Dataset excerpts:
──────────────────────────────

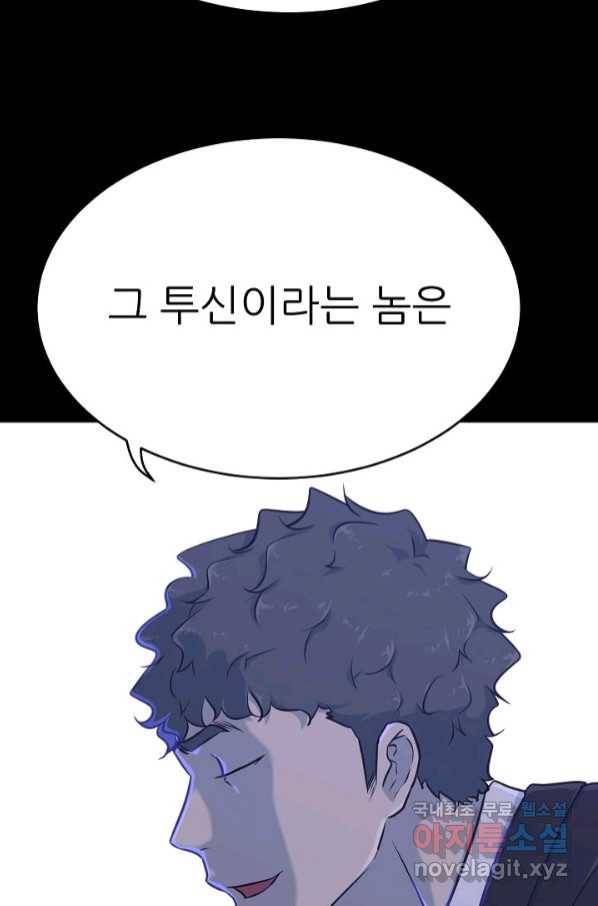 트리거 시즌3 15화 12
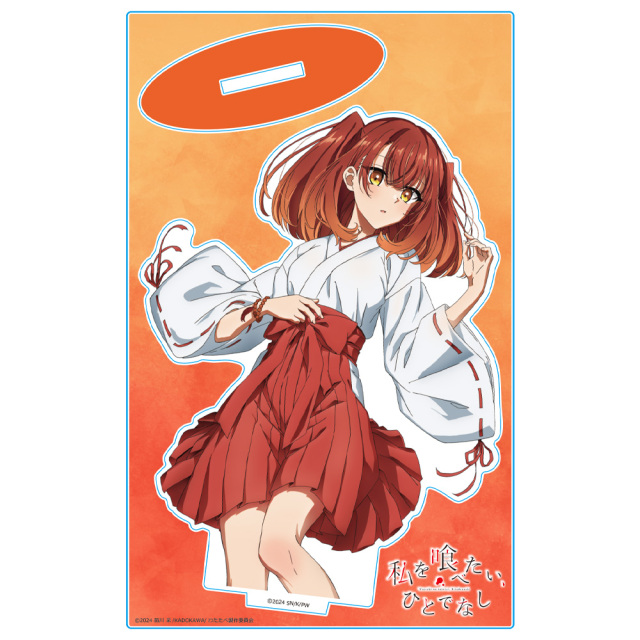 TVアニメ『私を喰べたい、ひとでなし』 アクリルキャラスタンド 社 美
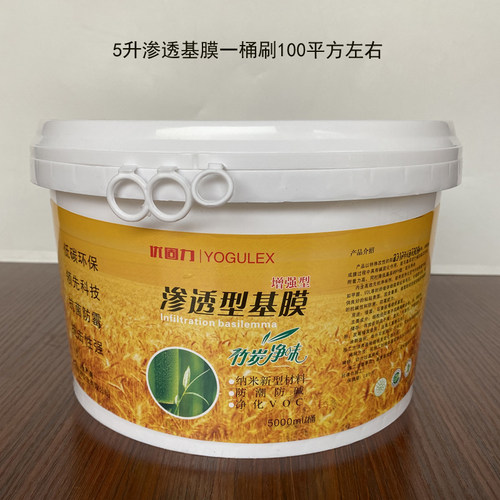 壁纸墙纸全用基膜掉灰墙面处理环基型大桶5L专效渗透墙布壁布保膜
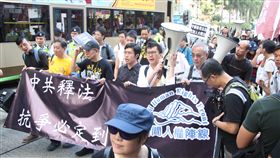 港人遊行抗議！人大常委會就宣誓風波釋法
中央社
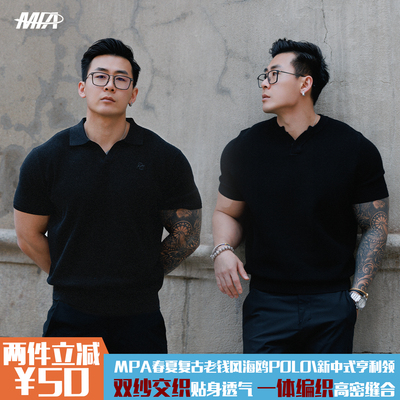 MPA PumpClub春夏高弹透气休闲复古老钱风海鸥polo/新中式亨利领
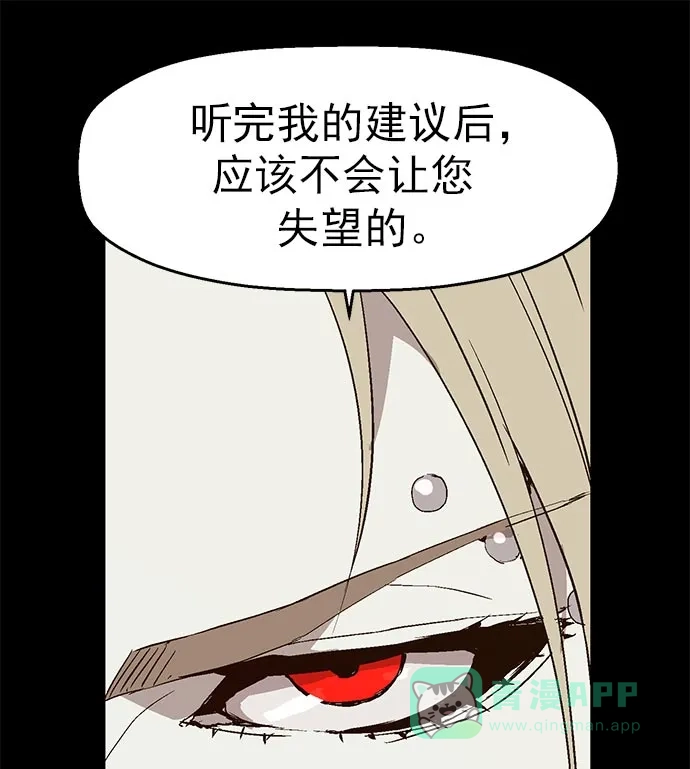 英雄联萌（弱小英雄） 第60话 第89页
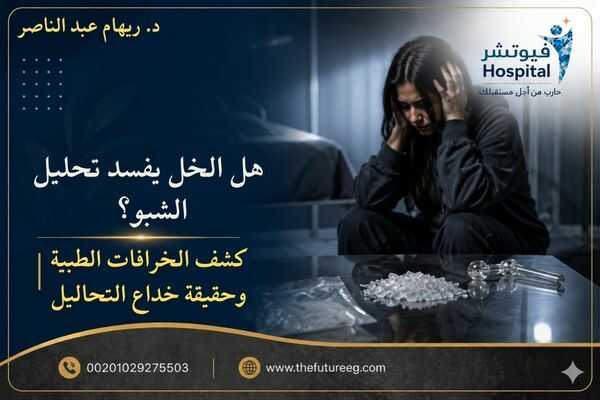 هل الخل يفسد تحليل الشبو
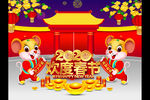 2020鼠年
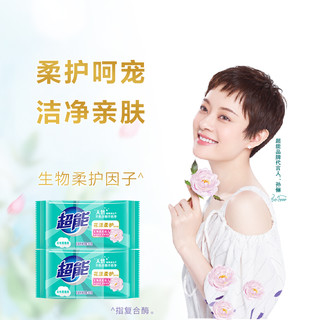 超能洗衣皂肥皂花漾柔护温和不伤手蔷薇香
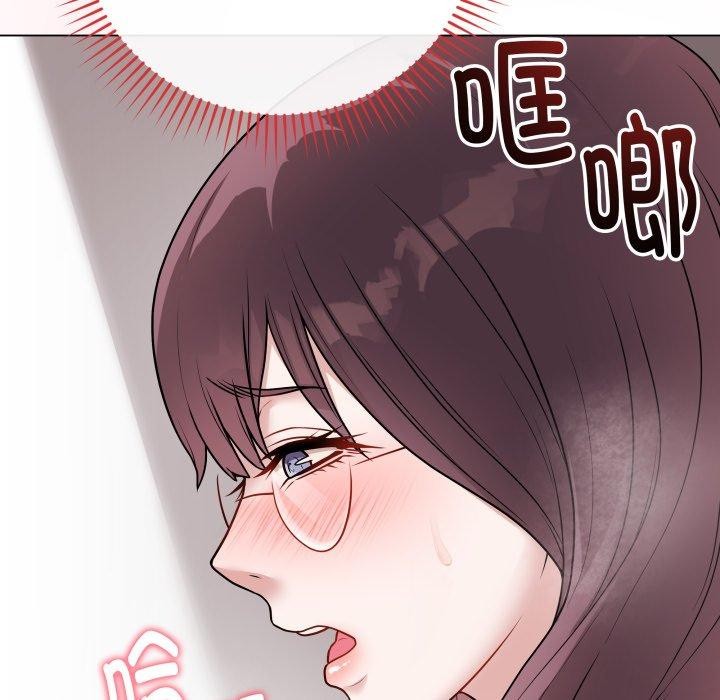 最后的冲刺第15話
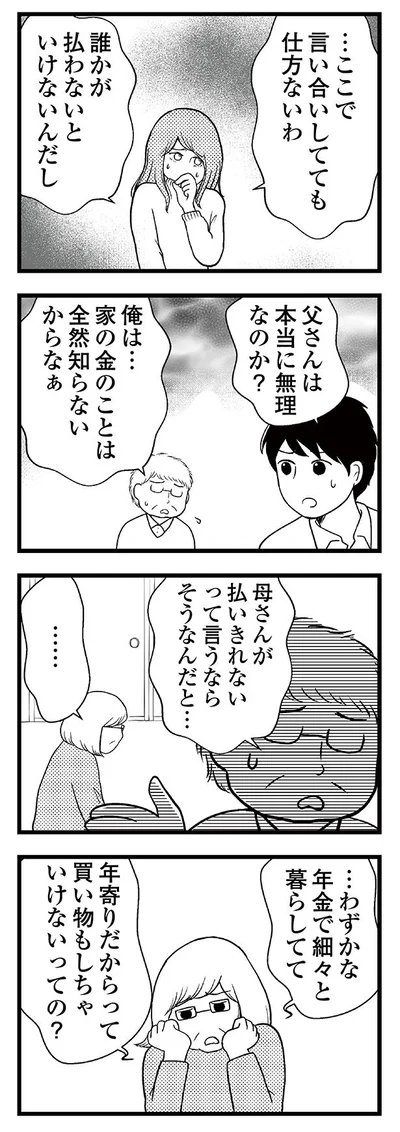 誰かが払わないと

──────────────────────────────

YOUR ASSIGNMENT:
Skipping the pictures, output the entries exactly as they appear above.

SOLUTION FOR THIS PROBLEM:
 트리거 시즌3 15화 12
 TVアニメ『私を喰べたい、ひとでなし』 アクリルキャラスタンド 社 美
 壁纸墙纸全用基膜掉灰墙面处理环基型大桶5L专效渗透墙布壁布保膜
 港人遊行抗議！人大常委會就宣誓風波釋法
中央社
 MPA PumpClub春夏高弹透气休闲复古老钱风海鸥polo/新中式亨利领
 英雄联萌（弱小英雄） 第60话 第89页
 هل الخل يفسد تحليل الشبو
 2020鼠年
 超能洗衣皂肥皂花漾柔护温和不伤手蔷薇香
 最后的冲刺第15話
 誰かが払わないと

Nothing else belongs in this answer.